Last week, we wrote that precious metals might rebound.
And indeed, precious metals came back. Gold and palladium even closed higher
than at the previous Friday. Silver and platinum pared most of the losses
suffered earlier last week. Thus, one might argue that the forecast was right.
However, it was right for the wrong reason. Therefore, while the recovery of
precious metal prices had been strong, it might be short-lived. The risk to the
downside is still considerable.
The conclusion that precious metals might rebound was
based on political factors. At the time of writing the previous article, news
agencies reported that Greece
had found a new government after the first round of talks with Greek president
Popoulias took place. In this case, a recovery of the euro versus the US dollar
was likely. Also stock markets were probably moving higher paring some of the
losses occurred during the preceding week. These were favorable factors for the
precious metal markets. However, the reports of forming a new government in Greece
were based on a statement by the left-wing party leader, Mr. Tsipras, which
turned out to be a lie and defamation of other parties.
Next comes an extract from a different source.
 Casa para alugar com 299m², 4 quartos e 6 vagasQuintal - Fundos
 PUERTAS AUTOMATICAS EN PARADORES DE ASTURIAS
Even the negotiations of Greek president Popoulias to
form a new government failed. Greece
is now governed by a care-taker administration and a snap election will be held
on June 17. During this period, financial and commodity markets are likely to
remain jittery about the result of this election. Unfortunately, statements by
politicians of other eurozone countries, the EU and ECB council members
increase the nervousness among investors and traders. Reports about preparing
for an euro exit of Greece
are counterproductive.
There were reports in the media, that eurozone finance
ministers threatened to kick Greece
out of the eurozone. Those who insist that Greece has to fulfill the treaties
want to breach the Lisbon Treaty! There are no provisions in the treaty to
leave the euro and other finance ministers can not expel Greece out of
the euro. Only Greece
can decide to leave the euro, but this would also imply to leave the EU.
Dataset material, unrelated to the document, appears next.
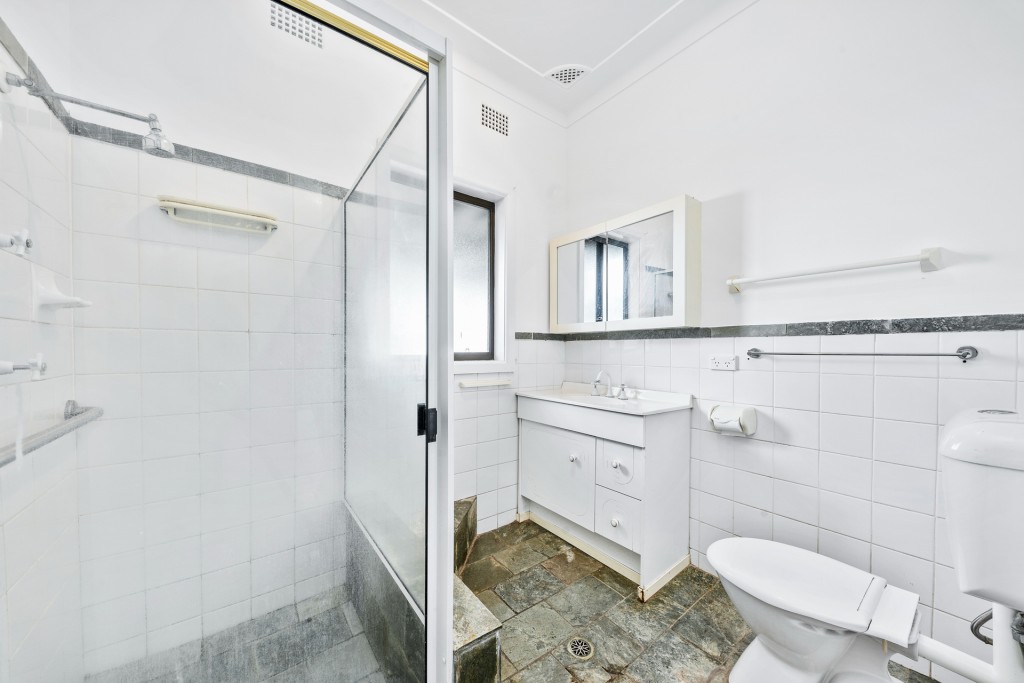 11 Eggleton Street, Blacktown NSW 2148 - photo 4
According to latest polls, roughly 80% of the Greek population wants to keep
the euro.
Also statements from media reporters and strategists
or investment fund managers that Greek has to leave the eurozone are not
correct, even if repeated several times within one hour at TV stations like
CNBC or Bloomberg.
But not only Greece ,
also Spain
remains in the spotlight. The downgrade of 16 Spanish banks by Moody’s
increases the fears that the Spanish government would have to increase the
deficit in order to bail out banks suffering under declining real estate
prices. This also weighs on the euro versus other major currencies.
The rebound of precious metals set in after the
release of the latest FOMC minutes. The sentence “Several members indicated
that additional monetary policy accommodation could be necessary if the
economic recovery lost momentum or the downside risks to the forecast became
great enough” was interpreted as an indication the Fed would embark on QE3.
However, the crucial part of this sentence is the if-clause. The recent US economic
data does not indicate that the requirements for additional monetary policy accommodation
are fulfilled. We pointed out that the Easter holiday might have an impact on
monthly data, which had been distorted even more by the seasonal adjustment
factors. The latest initial jobless claims are stable and do not indicate a
worsening of the labor market situation.